Mélanie Launay, 669 Peony Street (Fa)
Mélanie Launay
669 Peony Street
Neuilly-sur-Seine, Michel Lafon (Roman), 2022, 240 p.
Le roman s’ouvre alors que Simeon Lake, plus loin surnommé Mr. Cat ou L’Étranger, monte à bord d’un train quittant Sleepy Hawthorn pour se rendre au 669 Peony Street, où il doit retrouver une femme mystérieuse qui exerce sur lui une attirance particulière. Le récit fait apparaître de nombreux personnages qui se meuvent dans le même train, avant d’effectuer un bond en arrière dans le temps permettant au lecteur d’en apprendre davantage sur chacun d’entre eux. L’histoire se poursuit, entremêlant quelques chapitres de la trame du présent et des analepses qui donnent bien vite un ton au roman.
Peu à peu, le lecteur découvre l’ensemble des citoyens de cette ville d’Angleterre. Par le passé, entre autres, Simeon Lake et le Docteur Breathman se sont querellés à propos de cette mystérieuse femme mentionnée précédemment. Ce conflit a donné naissance à une foule de commérages à propos de cette curieuse Miss D., qui se fait aussi appeler Peony (entre autres !). Si Mr. Cat en est fasciné, Mr. Shush voit le mal en elle. Plus tard, en raison d’une confusion, une erreur se produit dans la livraison de deux carnets du Docteur Breathman dont les destinataires sont intervertis.
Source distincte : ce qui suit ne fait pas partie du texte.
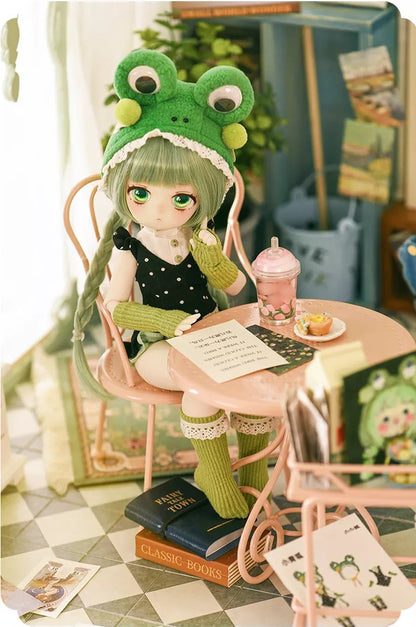 Tinyfox Fullset Little Frog : PreOrder - Anubis Doll Café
Or, l’un de ces carnets contient des notes concernant des recherches importantes et deviendra l’objet d’une quête pour certains personnages, qui désirent à tout prix mettre la main dessus. En somme, 669 Peony Street raconte l’histoire d’une petite ville, d’une femme mystérieuse et d’un carnet précieux qui se promène de mains en mains, convoité par des gens aux intentions diverses.
Dans cet univers particulier d’époque victorienne, le lecteur a toutefois le grand plaisir de rencontrer des personnages très intéressants. Si le récit se déroule dans une époque appartenant au passé, il met néanmoins de l’avant certains protagonistes forts, dont les croyances, le caractère et l’orientation sexuelle, entre autres, sont plus « modernes ».
669 Peony Street se lit comme on tente de résoudre un casse-tête. Chaque chapitre apporte un nouvel élément à l’histoire, se concentrant sur un ensemble de personnages, dépeignant un moment du passé, les actions des habitants de Sleepy Hawthorn et leurs opinions sur leur voisinage et sur la mystérieuse Miss D. Chaque personnage a aussi la particularité d’hériter, en plus de son nom, d’un surnom amusant donné par Scarlett Hope, celle qui se fait appeler Petite Miss. Si le lecteur, après avoir aperçu la couverture du roman, croit avoir affaire à une lecture simple et légère, il sera déçu, puisqu’il devra se démêler entre les habitants de la petite ville tout en se mesurant à quelques autres défis, néanmoins plus plaisants.
La trame narrative du récit, en effet, présente une construction singulière. La trame temporelle qui se déroule au présent, soit celle où Simeon Lake prend le train vers le 669 Peony Street, est entrecoupée de plusieurs analepses abordant des temporalités différentes de l’histoire des gens de Sleepy Hawthorn. Les retours en arrière varient de quelques années à plus de dix ans afin de découvrir les relations qui relient chaque protagoniste, mais aussi tout le chemin parcouru par cet intrigant carnet de notes, semble-t-il, plein de secrets. L’ultime quête du lecteur : comprendre qui est cette fameuse Miss D. dont tous les habitants de la ville parlent et quel est son rôle.
Le lecteur verra finalement toutes les trames narratives se rejoindre en une seule, qui lui permettra de lever le voile sur une grande part des derniers mystères du roman. Une grande part mais non l’entièreté, puisque la conclusion reste énigmatique et requiert une interprétation non négligeable. 669 Peony Street demande un certain effort pour bien le déchiffrer, mais se laisse apprécier en raison des idées modernes qu’il met de l’avant. Une lecture un peu ardue qui, néanmoins, divertit.